Ungewöhnlich und Lesenswert



Sasha Marianna Salzmann hat mit dem Buch „Außer sich“ eine ungewöhnliche Familiengeschichte einer sowjetischen Aussiedlerfamilie geschrieben, die, wenn man den von der Autorin gelegten Pfad folgt, Generationenroman und faszinierende Selbst-Suche in einem ist. Stilistisch merkt man dem für mich überwältigendem Romandebüt den Theaterbackground der Hausautorin des Maxim Gorki Theaters (Berlin) an, nur zögernd und bruchstückhaft angeordnete Szenen hangeln sich an Zeitsprüngen entlang zu einem zunächst zersplittertem und erst allmählich durchschaubarem Bild, dessen Fixpunkte oft historische Ereignisse anstatt klarer Zeit- und Personenangaben sind. Lange fast atemlose Sätze spinnen Gedanken und erlauben Blicke in verschiede Richtungen, ohne restlos abzuschweifen, und kommen am Ende immer auf den Punkt, so dass man nie wirklich den Faden verliert. Das Lesen fordert allerdings, und es ist wohl besser, das Buch möglichst in einem Rutsch durchzulesen.

Zum Inhalt:
Eine Aussiedlerfamilie, die in den 1990er Jahren in einem Wohnheim in Deutschland lebt, ist nie richtig angekommen und schon innerhalb der anderen Asylanten fremd wegen der jüdischen Wurzeln. Gewalt und Diskriminierung lassen die Zwillinge Alissa und Anton das Anderssein seit der Schulzeit deutlich spüren, doch das ist in der Familie nicht neu. Bereits Großeltern und Eltern lebten Schulter an Schulter mit der Gewalt, sei es durch Repressalien an den sowjetischen Juden oder Gewalt in der Ehe durch Alkohol und Unterdrückung. Alissa und Anton, in der alten Zweizimmerwohnung am Stadtrand von Moskau, in der drei Generationen unter einem Dach lebten, komplett aufeinander fixiert und ineinander verkrallt, wenn die Eltern aufeinander losgehen, schaffen den Sprung nach Deutschland nicht, und eines Tages verschwindet Anton spurlos. Eine Postkarte aus Istanbul weist Alissa den Weg, der zur Suche nach ihrem Bruder und nach ihrer eigenen Identität wird. Ein verwanztes Sofa in der Istanbuler Wohnung des Onkels eines Freundes dient ihr in der fremden, pulsierenden und gnadenlosen Stadt als Schutzschild gegen das Leben. Istanbul wird hier nicht als lichtdurchfluteter duftender Ort an der Grenze zwischen Orient und Okzident dargestellt, sondern als dunkles und gefährlich anmutendes Rattenloch mit seltsamen und zwielichtigen Gestalten. Alissa lässt sich bei ihrer Suche nach Anton auf die Metropole ein und lässt sich gemeinsam mit dem Leser treiben im sumpfigen Strom.
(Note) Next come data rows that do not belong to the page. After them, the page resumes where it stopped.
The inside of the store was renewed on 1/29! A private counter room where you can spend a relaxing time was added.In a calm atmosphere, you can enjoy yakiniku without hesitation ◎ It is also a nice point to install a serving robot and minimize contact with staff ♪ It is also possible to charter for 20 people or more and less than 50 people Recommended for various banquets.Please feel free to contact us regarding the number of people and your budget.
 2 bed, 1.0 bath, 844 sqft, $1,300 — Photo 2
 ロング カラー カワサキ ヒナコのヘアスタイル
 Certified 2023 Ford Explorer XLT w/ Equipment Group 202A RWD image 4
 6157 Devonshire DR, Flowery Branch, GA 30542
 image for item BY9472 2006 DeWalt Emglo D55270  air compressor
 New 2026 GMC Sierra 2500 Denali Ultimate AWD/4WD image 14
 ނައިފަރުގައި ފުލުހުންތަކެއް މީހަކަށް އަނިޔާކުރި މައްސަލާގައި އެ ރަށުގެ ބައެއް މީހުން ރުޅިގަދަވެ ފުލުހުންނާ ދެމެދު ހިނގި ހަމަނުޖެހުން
Die suchende Alissa ist Rebellin und Zerrissene, sich Verkriechende zugleich. Sie ist nicht gut greifbar, kein Sympathieträger und für mich auch keine Person, mit der ich mich identifizieren kann und möchte. Je mehr sie von ihrer Familiengeschichte findet und aufspult, desto größer scheint ihre Unsicherheit und die Gefahr, sich zu verlieren, ihr Handeln und ihre Entscheidungen sind auf den ersten Blick nicht nachvollziehbar, willkürlich und unlogisch. Aber genau darum geht es für mich bei dieser Figur: ich soll sie wertungsfrei auf ihrer Suche begleiten, deren Ende zwar die Geschichte der Familie aufzeigt, bezüglich der Identitätssuche jedoch zumindest teilweise offen bleibt.

Die Normalität, mit der die familiäre Gewalt beschrieben wird, Schläge, Vergewaltigung als alltägliches Handeln emotionslos dargestellt werden, ist für den Leser durchaus grenzwertig und verabscheuungswürdig. Die Kinder Alissa und Anton haben von vornherein keine Chance, innerhalb dieser ständig schlagenden, alkoholisierten Familie ihren Platz zu finden, und das schmerzt beim Lesen, auch wenn mir völlig klar ist, dass die dargestellten Verhältnisse tatsächlichem familiären Leben in der postsowjetischen Ära in den Betonsiedlungen am Rand großer Städte entsprechen.
Die Ausgrenzung der Juden in der ehemaligen Sowjetunion, ihre Verfolgung und Deportation, die in der Stalinzeit begann, nimmt als Teil der Familiengeschichte, die in Rückblicken erzählt wird, einen wichtigen Platz im Buch ein. Mäandernd aber chronologisch, lernt man die Familie beginnend bei den Urgroßeltern kennen, auch wenn man sich die Daten selbst anhand historischer Ereignisse selbst erarbeiten muss.

Hauptaugenmerk des Romanes ist die Suche von Alissa (Ali), und so sollte man es auch zu nehmen und zu lesen wissen. Dabei spielt ihre Identität, ihre Wurzeln und auch ihre sexuelle Orientierung eine gleichwertig wichtige Rolle.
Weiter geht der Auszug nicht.